Çık.4: 6 Sonra, "Elini koynuna koy" dedi. Musa elini koynuna koydu. Çıkardığı zaman eli bir deri hastalığına yakalanmış, kar gibi bembeyaz olmuştu.
Çık.4: 7 RAB, "Elini yine koynuna koy" dedi. Musa elini yine koynuna koydu. Çıkardığı zaman eli eski haline dönmüştü.
Atatürkün bunu Tevrat öğretisi olduğu için yaptığına delil sunanların bilgisiz oldukları ortaya çıkmaktadır.
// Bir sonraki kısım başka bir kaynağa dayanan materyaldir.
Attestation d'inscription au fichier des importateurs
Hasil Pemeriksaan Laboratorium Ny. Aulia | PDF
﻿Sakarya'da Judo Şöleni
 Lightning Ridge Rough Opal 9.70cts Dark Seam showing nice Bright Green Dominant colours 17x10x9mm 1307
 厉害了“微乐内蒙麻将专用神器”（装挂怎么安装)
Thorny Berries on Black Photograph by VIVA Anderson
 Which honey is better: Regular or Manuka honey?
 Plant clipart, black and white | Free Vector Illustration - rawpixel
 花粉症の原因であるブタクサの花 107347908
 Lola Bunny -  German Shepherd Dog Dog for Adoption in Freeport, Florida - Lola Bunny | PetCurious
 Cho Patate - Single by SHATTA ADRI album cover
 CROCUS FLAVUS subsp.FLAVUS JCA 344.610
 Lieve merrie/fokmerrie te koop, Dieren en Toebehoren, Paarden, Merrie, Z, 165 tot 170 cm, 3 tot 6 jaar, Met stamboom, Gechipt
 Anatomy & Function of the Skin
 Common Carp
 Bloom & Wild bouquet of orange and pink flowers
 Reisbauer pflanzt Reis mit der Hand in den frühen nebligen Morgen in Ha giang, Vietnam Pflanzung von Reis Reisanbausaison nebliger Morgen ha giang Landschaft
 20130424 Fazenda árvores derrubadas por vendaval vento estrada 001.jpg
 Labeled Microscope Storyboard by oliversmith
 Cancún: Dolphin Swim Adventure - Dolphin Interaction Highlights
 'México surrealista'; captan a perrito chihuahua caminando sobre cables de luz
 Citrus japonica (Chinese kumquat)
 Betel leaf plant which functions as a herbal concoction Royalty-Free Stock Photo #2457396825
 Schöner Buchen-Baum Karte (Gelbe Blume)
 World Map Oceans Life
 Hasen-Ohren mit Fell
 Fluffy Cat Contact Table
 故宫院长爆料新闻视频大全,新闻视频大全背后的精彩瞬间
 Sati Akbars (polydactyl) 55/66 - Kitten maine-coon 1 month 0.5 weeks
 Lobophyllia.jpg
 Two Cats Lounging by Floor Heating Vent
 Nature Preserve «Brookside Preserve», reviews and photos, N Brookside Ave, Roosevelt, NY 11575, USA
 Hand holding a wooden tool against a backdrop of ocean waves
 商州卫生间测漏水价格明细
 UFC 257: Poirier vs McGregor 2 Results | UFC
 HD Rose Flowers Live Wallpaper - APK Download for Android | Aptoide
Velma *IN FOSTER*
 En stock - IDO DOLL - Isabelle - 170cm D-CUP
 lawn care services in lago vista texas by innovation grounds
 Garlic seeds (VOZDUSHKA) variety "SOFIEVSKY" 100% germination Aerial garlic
Neden mi?
Ben de o zaman Kurandan Neml Suresi 12. ayetten örnek veririm.
ELiNi KOYNUNA SOKTA KUSURSUZ BEMBEYAZ ÇIKSIN, DOKUZ MUCiZE iLE FiRAVUN VE KAVMiNE GiT ÇÜNKÜ ONLAR YOLDAN ÇIKMIŞTIR.
Ee şimdi ne oldu, Atatürkün yaptığı bu hareket, Kuranî bir hareket oluverdi. O duruş; TÜRK TÖRESiNDE, (BiLGE KAĞAN) DURUŞUDUR.Sağ el kalbin üstünde, manası, kalbe ermek, KALPEREN YANi ALPEREN duruşudur. Tüm milletinin değerlerini -Yüce Yaratıcının islam tasavvufunda da dile getirilen, mümin kulumun kalbine sığdım mecazı gibi- sıkıca kalbe bastırmak, kalbinin, bu değerler için attığının simgesidir.
Bu duruşu ayakta, dik durarak ve yerde bağdaş kurarak, oturarak tüm
bilge Türk Başbuğları yapmıştır. Çünkü töredir.